[Cyan]<Cedar6.0>Real>RealFnsImpl.mesa!5

RealFnsImpl.mesa

Stewart on August 27, 1982 1:07 pm

Paul Rovner on May 4, 1983 10:13 am

Levin, August 8, 1983 4:39 pm

Plass, October 24, 1984 4:26:48 pm PDT

Russ Atkinson (RRA), May 29, 1985 1:16:23 am PDT

DIRECTORY

Ieee USING [CVExtended, ExponentBias, SingleReal, Unpack],

Real USING [Extended, Fix, FixC, FixI, RealError, RealException],

RealFns;

RealFnsImpl: CEDAR PROGRAM IMPORTS Ieee, Real EXPORTS RealFns = BEGIN

NOTE: The compiler is bloody incompetent about floating point! In particular, it cannot deal with constant folding. Therefore, various constants are given as variables to avoid excess computation. Please make these revert to constants when the compiler gets smarter. (RRA)

Some useful constants

Ln2: REAL = 0.693147181;

LogBase2ofE: REAL ← 1/Ln2;

smallnumber: REAL = 0.00000000005;

PI: REAL = 3.14159265;

twoPI: REAL ← PI*2;

PI3ovr2: REAL ← 3*PI/2;

PIovr2: REAL = 1.570796327;

PI3ovr8: REAL = 1.1780972;

PIovr4: REAL = .785398163;

PIovr8: REAL = .392699;

radiansPerDegree: REAL ← PI/180;

degreesPerRadian: REAL ← 180/PI;

rec2pi: REAL ← 1.0/twoPI;

rec360: REAL ← 1.0/360.0;

fourOverPI: REAL ← 4.0/PI;

Exp: PUBLIC PROC [x: REAL] RETURNS [REAL] = {

compute e^x using continued fractions

ACM Algorithm 229, Morelock, James C., "Elementary functions by continued fractions"

r, f: REAL;

k: INTEGER;

fl: Ieee.SingleReal ← LOOPHOLE[1.0, Ieee.SingleReal];

To keep the error small near 0.0, use this Taylor's series

SELECT ABS[x] FROM

< 3e-4 => RETURN [1+x];

< 3e-3 => RETURN [1+x+x*x*0.5];

ENDCASE;

x ← x*LogBase2ofE; --exponent of 2 (instead of e)

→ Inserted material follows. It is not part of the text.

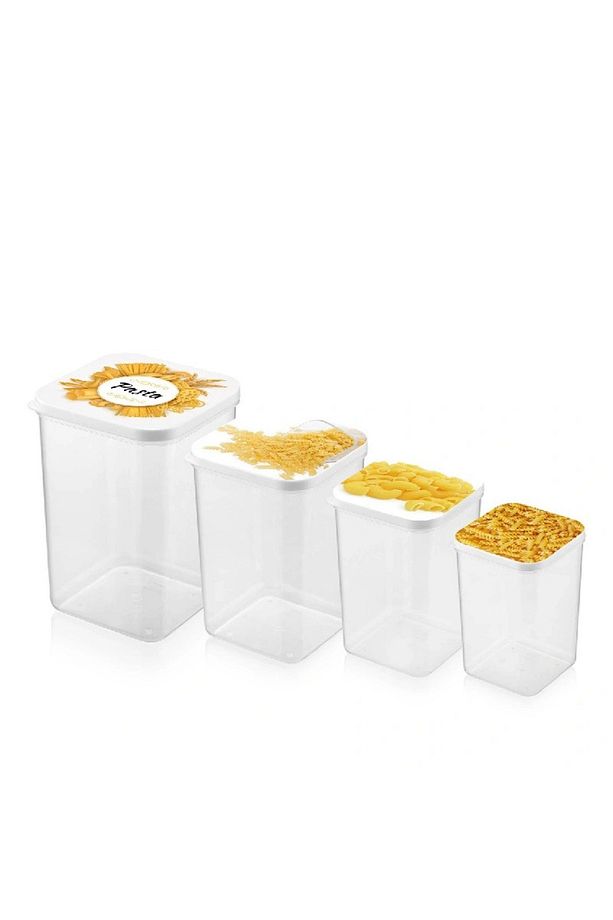 Hobby Life 4’lü Uzun Funbox Saklama Kabı (0,9 + 1,4 + 2,1 + 3,1 Lt) - 3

IF x < -Ieee.ExponentBias THEN RETURN [0.0];

IF x > Ieee.ExponentBias THEN ERROR Real.RealError[];

k ← Real.FixI[x]; --integer part

x ← x - k; --fractional part

x ← x*Ln2; --now result = 2^k * exp(x) and 0<=x<Ln2

r ← x*x;

{

Expand the continued fraction loop a few times

LoopCount: NAT = 3;

f ← 4*LoopCount + 2;

f ← (4*(LoopCount-0) - 2) + r/f;

f ← (4*(LoopCount-1) - 2) + r/f;

f ← (4*(LoopCount-2) - 2) + r/f;

Note, if LoopCount > 3, then use the following comments

f ← (4*(LoopCount-3) - 2) + r/f;

f ← (4*(LoopCount-4) - 2) + r/f;

};

unscaled result is (f+x)/(f-x)

x ← (f + x)/(f - x);

scale: multipy by 2^k by adding k to the exponent

fl.exp ← k + Ieee.ExponentBias;

RETURN[x*LOOPHOLE[fl, REAL]];

};

Log: PUBLIC PROC [base, arg: REAL] RETURNS [REAL] = {

logxy = Ln(y)/Ln(x)

RETURN[Ln[arg]/Ln[base]];

};

Ln: PUBLIC PROC [x: REAL] RETURNS [REAL] = {

fl: Ieee.SingleReal;

m: INTEGER;

xm1: REAL ← x-1;

OneMinusX, OneMinusXPowerRep: REAL;

IF x <= 0 THEN Bomb[x];

To keep the error small near 1.0, use this Taylor's series

SELECT ABS[xm1] FROM

> 3e-3 => {};

> 3e-4 => RETURN [xm1 - 0.5*xm1*xm1];

ENDCASE => RETURN [xm1];

if x = z * 2^m then Ln(x) = m * Ln2 + Ln(z). Here, 1/2 <= z < 1

fl ← LOOPHOLE[x, Ieee.SingleReal];

m ← fl.exp - (Ieee.ExponentBias - 1);

fl.exp ← Ieee.ExponentBias - 1; --now 1/2 <= z < 1

x ← LOOPHOLE[fl, REAL];

special case for limit condition (x a power of 2)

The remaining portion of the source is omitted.